« April 2010 | Main | June 2010 »

11 posts from May 2010

May 27, 2010

Lucene and Solr Development Merged

The development of the Apache Lucene and Solr projects has merged. This has no impact on the packaging - there will still be separate Lucene and Solr jar files. However, it should result in tighter coordination between the two projects, less duplication of efforts, and Solr users getting the latest Lucene improvements faster. Mark Miller and Shalin Mangar discuss this in more detail in their blogs.

We're glad to see this. Mark Bennett, our own in-house Solr guy, thinks that having a unified Java developer list will get questions answered more quickly and consistently.

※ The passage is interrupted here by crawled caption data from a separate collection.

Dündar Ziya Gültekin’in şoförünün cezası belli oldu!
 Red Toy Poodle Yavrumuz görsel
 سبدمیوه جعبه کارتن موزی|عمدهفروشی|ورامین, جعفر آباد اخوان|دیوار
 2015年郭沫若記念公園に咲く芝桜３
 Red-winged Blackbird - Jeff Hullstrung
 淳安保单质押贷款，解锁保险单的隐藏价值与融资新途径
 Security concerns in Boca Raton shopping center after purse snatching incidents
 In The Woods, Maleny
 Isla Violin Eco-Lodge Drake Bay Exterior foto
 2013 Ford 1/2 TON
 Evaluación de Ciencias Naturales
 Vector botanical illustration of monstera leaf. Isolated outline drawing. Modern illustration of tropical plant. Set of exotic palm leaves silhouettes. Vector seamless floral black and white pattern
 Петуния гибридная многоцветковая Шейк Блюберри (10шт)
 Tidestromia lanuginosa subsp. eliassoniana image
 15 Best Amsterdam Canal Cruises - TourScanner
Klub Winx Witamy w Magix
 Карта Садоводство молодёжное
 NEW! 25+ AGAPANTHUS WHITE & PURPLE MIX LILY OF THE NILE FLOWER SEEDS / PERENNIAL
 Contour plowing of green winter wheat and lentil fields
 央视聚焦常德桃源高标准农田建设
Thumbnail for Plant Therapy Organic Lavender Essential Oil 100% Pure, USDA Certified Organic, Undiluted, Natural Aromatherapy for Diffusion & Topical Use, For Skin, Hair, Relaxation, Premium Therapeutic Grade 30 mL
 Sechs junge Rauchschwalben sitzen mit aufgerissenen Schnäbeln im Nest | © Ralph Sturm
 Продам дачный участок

Many developers work on both projects.

May 26, 2010

Aardvark's interesting blend of Search and Social Networking

Vark.com (Aardvark) doesn't use search to try and directly answer your questions, instead they just use search to route your question to humans who might be able to answer it.  So this is two levels removed from the classic search engine usage model:

1: It's not trying to answer your question directly with search, it's just trying to find a person who might be able to answer it.

2: It assumes a high initial raw failure rate (for example a high percentage of people are probably busy doing something else), so it builds-in retry routing logic. It even allows humans to help with routing.

There's a lot of hidden details in that retry logic, and a lot if it leverages social networking software, looking at user profiles, friends of friends, previous successes and failures, etc.  And then many of those steps also mix in keyword search and related algorithms. On the surface might seem like a "simple" hybrid, once you see it spelled out, but they've done a lot of nice work on the details, which I suppose are proprietary.

A bit of etiquette - there's an assumption that you've already tried to find the answer on your own, perhaps with a Google, Yahoo or Bing search. You shouldn't be wasting other humans' time with questions that machines could have easily answered. Vark could qualify as a "research" engine, not just a search engine.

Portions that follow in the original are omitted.